Blue Origin's Rocket Test Just Went Better Than Anyone Thought Possible
Blue Origin just successfully completed its first in-flight escape test, during which the empty crew capsule was able to make an emergency separation from the booster just seconds after takeoff. It's a maneuver that could save lives if it happens on a real flight. But Blue Origin stumbled upon some extra success: It landed the booster too.
Most of the "scruff" on that rocket came from this flight when the escape booster launched and seared it pretty good.

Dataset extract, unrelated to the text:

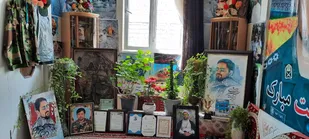 دیدار حجت الاسلام مهدی جو و جمعی از بسیجیان حوزه بنت الهدی با خانواده شهید شیری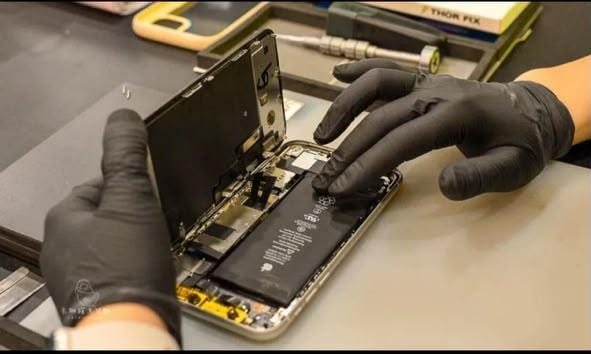Phone battery ready for replacement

It actually looked pristine on takeoff.
Sadly, my Estes V2 rocket was the victim (on the first flight) of a batch of defective D engines that blew up on ignition. 20 odd hours of work (as a teenager) put into building, painting and finishing that thing, only to have it disintegrate into little chunks in about 1/20th of a second.
To paraphrase Elon Musk, "Model Rocketry is hard."
jnaujok wrote:
Sadly, my Estes V2 rocket was the victim (on the first flight) of a batch of defective D engines that blew up on ignition. 20 odd hours of work (as a teenager) put into building, painting and finishing that thing, only to have it disintegrate into little chunks in about 1/20th of a second.
I once attended a talk about disintegrating totem poles, meaning multi stage rockets coming apart as they launched. I guess this was a big more of a disintegration than planned!